Monty Hall in the Wild

[I’m still waiting for Geoffrey Miller to OK the interview transcript, so it’s time for some math geekery.]

I visited a friend yesterday, and after we finished our first bottle of Merlot I brought up the Monty Hall problem, as one does. My friend confessed that she has never heard of the problem. Here’s how it goes:

You are faced with a choice of three doors. Behind one of them is a shiny pile of utilons, while the other two are hiding avocados that are just starting to get rotten and maybe you can convince yourself that they’re still OK to eat but you’ll immediately regret it if you try. The original formulation talks about a car and two goats, which always confused me because goats are better for racing than cars.

Anyway, you point to Door A, at which point the host of the show (yeah, it’s a show, you’re on TV) opens one of the other doors to reveal an almost-rotten avocado. The host knows what hides behind each door, always offers the switch, and never opens the one with the prize because that would make for boring TV.

You now have the option of sticking with Door A or switching to the third door that wasn’t opened. Should you switch?

After my friend figured out the answer she commented that:

  1. The correct answer is obvious.
  2. The problem is pretty boring.
  3. Monty Hall isn’t relevant to anything you would ever come across in real life.

Wrong, wrong, and wrong.


According to Wikipedia, only 13% of people figure out that switching doors improves your chance of winning from 1/3 to 2/3. But even more interesting is the fact that an incredible number of people remain unconvinced even after seeing several proofs, simulations, and demonstrations. The wrong answer, that the doors have an equal 1/2 chance of avocado, is so intuitively appealing that even educated people cannot overcome that intuition with mathematical reason.

I’ve written a lot recently about decoupling. At the heart of decoupling is the ability to override an intuitive System 1 answer with a System 2 answer that’s arrived at by applying logic and rules. This ability to override is what’s measured by the Cognitive Reflection Test, the standard test of rationality. Remarkably, many people fail to improve on the CRT even after taking it multiple times.

When rationalists talk about “me” and “my brain”, the former refers to their System 2 and the latter to their System 1 and their unconscious. “I wanted to get some work done, but my brain decided it needs to scroll through Twitter for an hour.” But in almost any other group, “my brain” is System 2, and what people identify with is their intuition.

Rationalists often underestimate the sheer inability of many people to take this first step towards rationality, of realizing that the first answer that pops into their heads could be wrong on reflection. I’ve talked to people who were utterly confused by the suggestion that their gut feelings may not correspond perfectly to facts. For someone who puts a lot of weight on System 2, it’s remarkable to see people for whom it may as well not exist.
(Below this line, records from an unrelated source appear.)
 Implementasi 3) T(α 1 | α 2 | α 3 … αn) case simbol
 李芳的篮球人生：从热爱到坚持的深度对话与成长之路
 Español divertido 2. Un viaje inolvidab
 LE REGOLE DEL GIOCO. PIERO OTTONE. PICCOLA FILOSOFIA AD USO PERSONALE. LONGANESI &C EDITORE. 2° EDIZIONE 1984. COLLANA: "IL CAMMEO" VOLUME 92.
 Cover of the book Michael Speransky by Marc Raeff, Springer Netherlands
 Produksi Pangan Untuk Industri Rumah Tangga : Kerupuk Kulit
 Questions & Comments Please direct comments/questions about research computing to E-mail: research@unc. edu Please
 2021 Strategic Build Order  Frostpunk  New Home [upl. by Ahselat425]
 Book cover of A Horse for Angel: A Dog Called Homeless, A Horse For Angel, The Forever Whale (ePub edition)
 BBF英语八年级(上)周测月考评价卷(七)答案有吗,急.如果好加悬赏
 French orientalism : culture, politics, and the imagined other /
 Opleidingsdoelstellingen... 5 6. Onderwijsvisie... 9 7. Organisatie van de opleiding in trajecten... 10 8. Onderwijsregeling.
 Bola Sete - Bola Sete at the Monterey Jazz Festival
You know who does really well on the Monty Hall problem? Pigeons. At least, pigeons quickly learn to switch doors when the game is repeated multiple times over 30 days and they can observe that switching doors is twice as likely to yield the prize.

Monty_pigeon.jpg

This isn’t some bias in favor of switching either, because when the condition is reversed so the prize is made to be twice as likely to appear behind the door that was originally chosen, the pigeons update against switching just as quickly:

monty pigeon reverse.png

Remarkably, humans don’t update at all on the iterated game. When switching is better, a third of people refuse to switch no matter how long the game is repeated:

Monty human for realzies realz.png

And when switching is worse, a third of humans keep switching:

monty human for realz.png

I first saw this chart when my wife was giving a talk on pigeon cognition (I really married well). I immediately became curious about the exact sort of human who can yield a chart like that. The study these are taken from is titled Are Birds Smarter than Mathematicians?, but the respondents were not mathematicians at all.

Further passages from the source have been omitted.